Thanks! The below is from a Bloomsberg Law article.
California’s 2020 wildfire season thwarted the state’s fight against climate change, spewing enough carbon dioxide into the air to equal the emissions of millions of passenger vehicles driving over the course of a year.
Those roughly 9,600 fires burned nearly 4.2 million acres, killed 31 people, and emitted an estimated 112 million metric tons of carbon dioxide, according to a California Air Resources Board report released Dec. 31. The number is akin to the greenhouse gas emissions of 24.2 million passenger cars driving in a single year, according to a calculator from the U.S. Environmental Protection Agency.
And the emissions figure is expected to increase as the California Department of Forestry and Fire Protection calculates final wildfire acreage from the end of the year.
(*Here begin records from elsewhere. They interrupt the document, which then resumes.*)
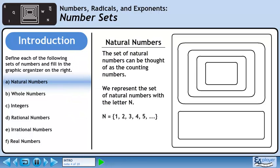The set of natural numbers can be thought of as the counting numbers. We represent the set of natural numbers with the letter N. Numbers included in the naturals are 1, 2, 3, 4, 5, and so on. In our graphic organizer, we place the set of natural numbers in the center rectangle.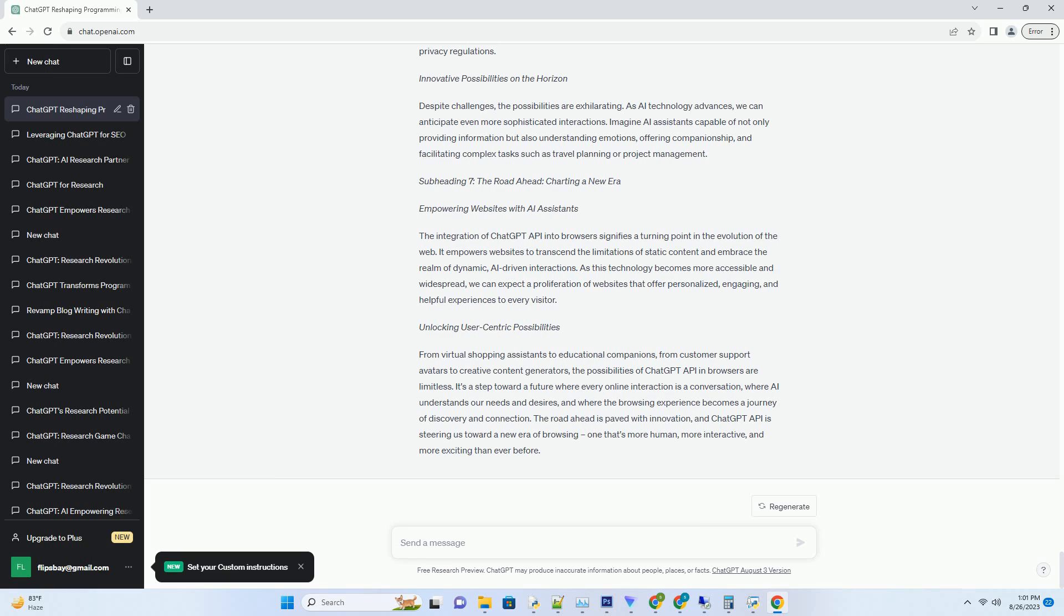Picture this: you're browsing a website, seeking information or assistance. Instead of scrolling through pages of text, you're greeted by an interactive AI-powered assistant right in your browser window. This is the essence of ChatGPT API integration.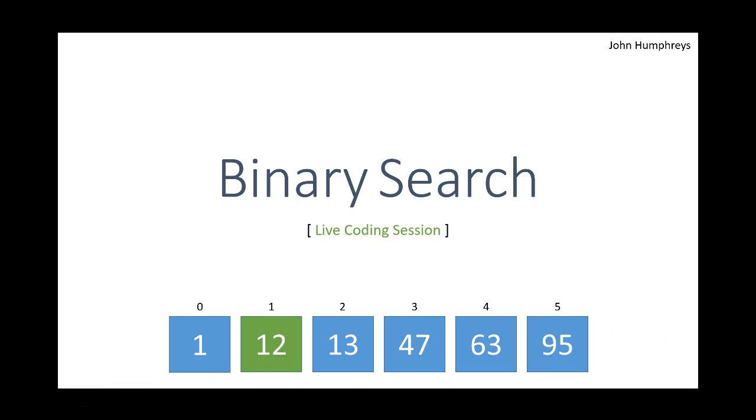Hi, my name is John Humphreys and this is going to be a very quick coding session for binary search. It's live coding so you can see the thought process, mistakes, testing, stuff like that in action versus a fully pre-planned video.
An update should be released in March or April, said Dave Edwards, assistant division chief in the Air Board’s air quality, planning, and science division.
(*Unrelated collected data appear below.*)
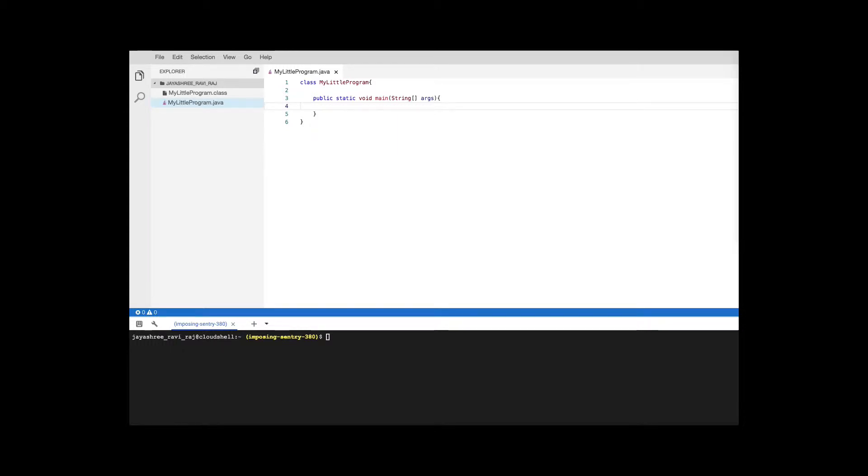In this lesson we'll get hands-on declaring variables. Let's say that we want to hold some key data of any student who wants to learn Java.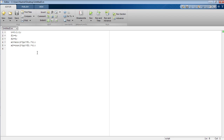Now I am going to convolve both signals x1 and x2, and save the result in the variable x. Convolution can be performed in MATLAB using the command conv — conv is the abbreviation of convolution, the first four letters. Place the first signal and comma-separated place the second signal.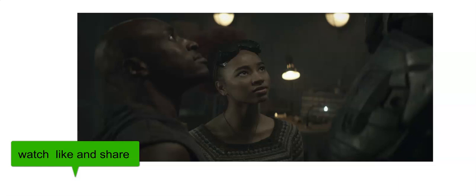So what do you think, people? Will John Henry Irons become a hero and help Superman defeat Morgan Edge or not? Leave your comments at the bottom. Thank you very much, bye bye.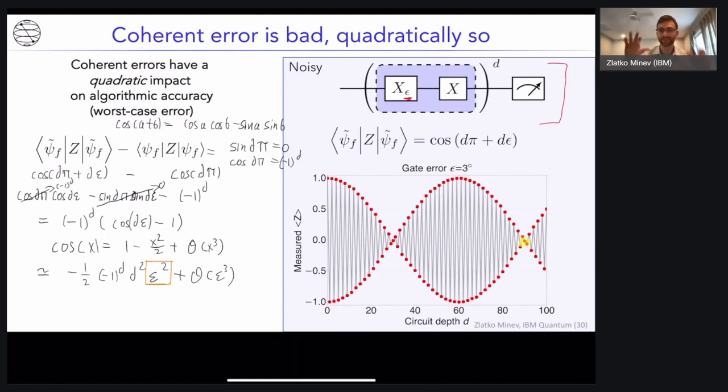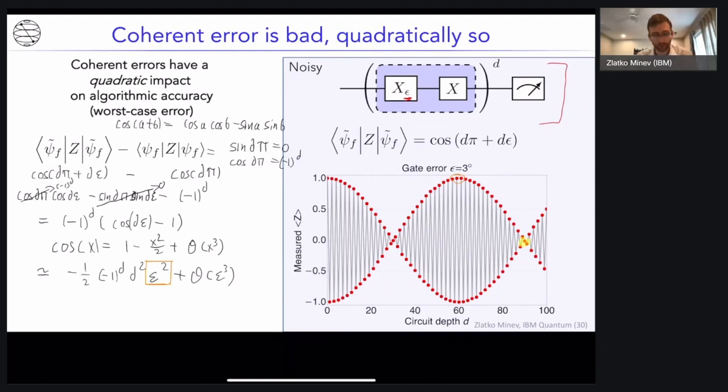Coherent noise builds up quickly because of its coherence — it propagates in a quadratic way. You can compare this to incoherent noise, which we'll cover at the end of this lecture, which has linear scaling of algorithmic impact as opposed to quadratic. Of course, coherent error also has funny features: at depth 60, for instance, there's actually no error whatsoever — you recover the perfect circuit, a kind of revival. But at other depths, coherent noise can pull you to a really terrible error.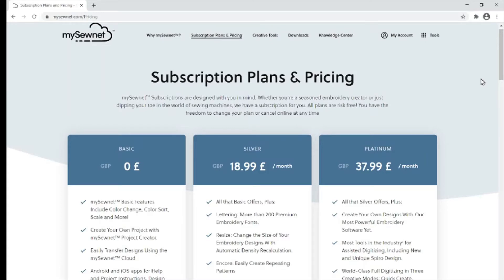The MySonet subscription service is available in three options: free for your basic, silver, or platinum.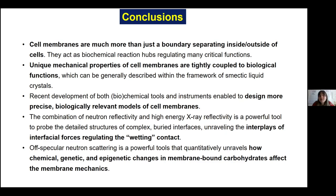Free electron lasers are also enabling another level of dynamic and structural motion analysis. XFELs are a powerful but tricky method because of the intense pulse that can burn the sample, but they open up exciting future possibilities.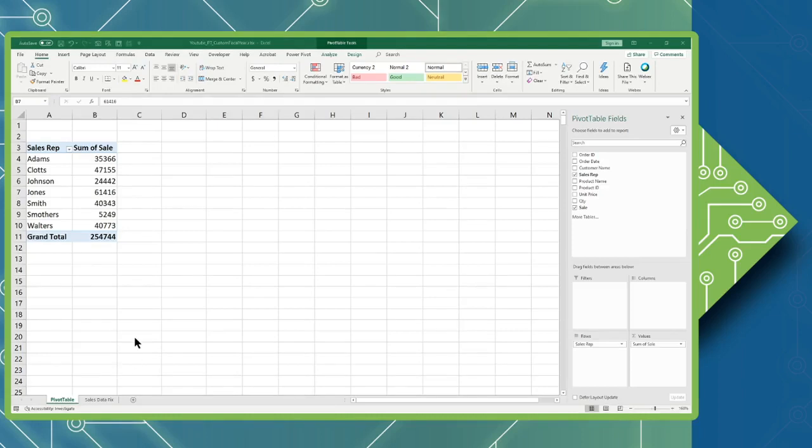Hi, I'm Brian. I'm one of the instructors with the computer workshop. Today we're going to do a tutorial on how you can convert a calendar year into a fiscal year inside of a pivot table.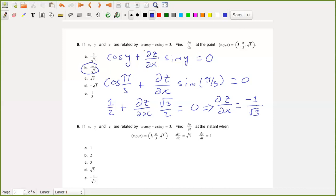All we did was take the derivative of both sides with respect to x. This is very similar to implicit differentiation from Calc 1. The key thing to keep in mind is that x and y are both independent variables — y does not depend on x, but z depends on both x and y. We take the partial derivative with respect to x on both sides, evaluate at the point (3, π/3, √3), and solve for ∂z/∂x, which equals minus 1 over the square root of 3.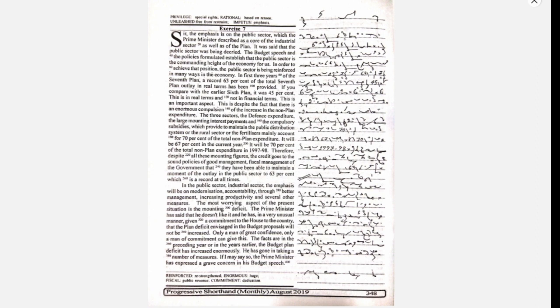If I may say so, the Prime Minister has expressed a grave concern in his budget speech.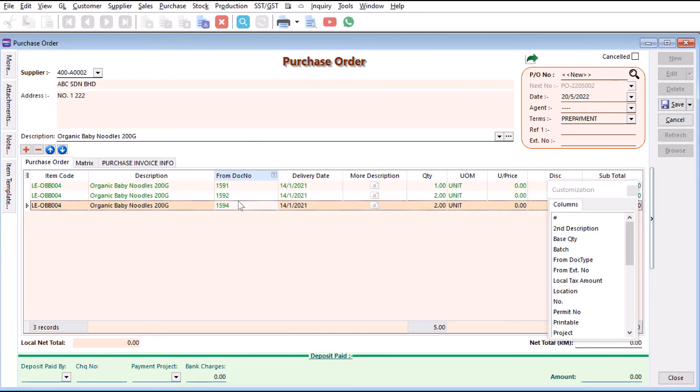That's actually how easy it is to link your sales order to your purchase order. Please leave a comment below if you have a particular guide you would like us to cover. Thanks.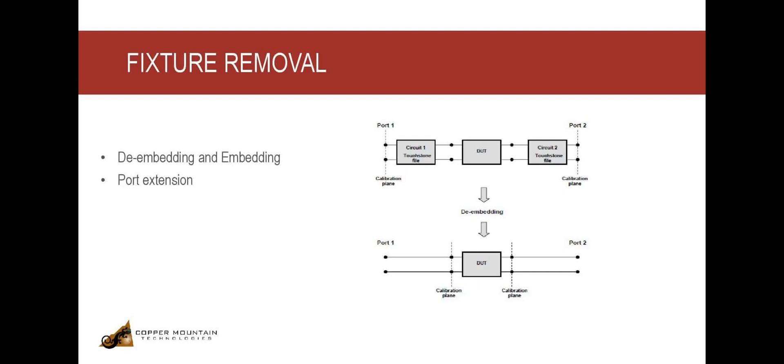There is another simpler way to de-embed a fixture, and that is with the help of the port extension function. This function virtually extends the test ports by moving the calibration plane to the terminals of the DUT.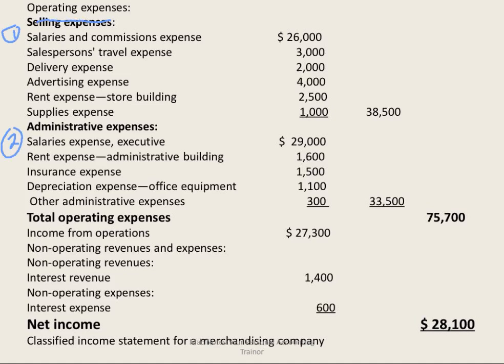We list the selling expenses — salaries, travel, delivery expense, advertising, and so on — and arrive at selling costs of $38,500. Administrative costs include salaries expense, rent, insurance, and so on. Those two together give total operating costs of $75,000, which leads us to income from operations of $27,300.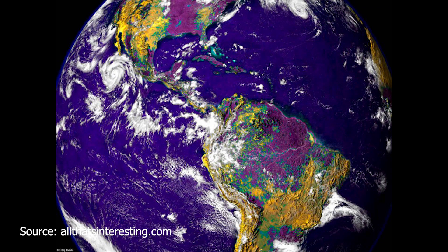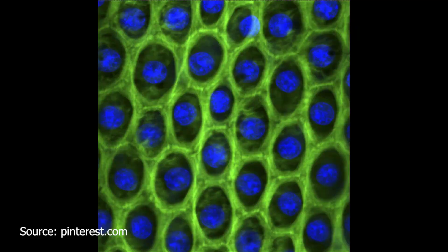Now I would like to give some scientific information about this color. According to scientists, according to a scientific idea called the Purple Earth Hypothesis, our Earth didn't used to be green — it used to be purple. Now you may ask why. The reason for this is because of a pigment called retinol.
Increasing fire intensity and the health dangers of the accompanying smoke is California’s new reality and needs to be faced now, advocates and politicians say.
“We’re always going to have fire in California and, with climate change, we’re going to have more,” said Bill Magavern, policy director for Coalition for Clean Air. “We shouldn’t treat it like this is something that’s going to happen once in a while.”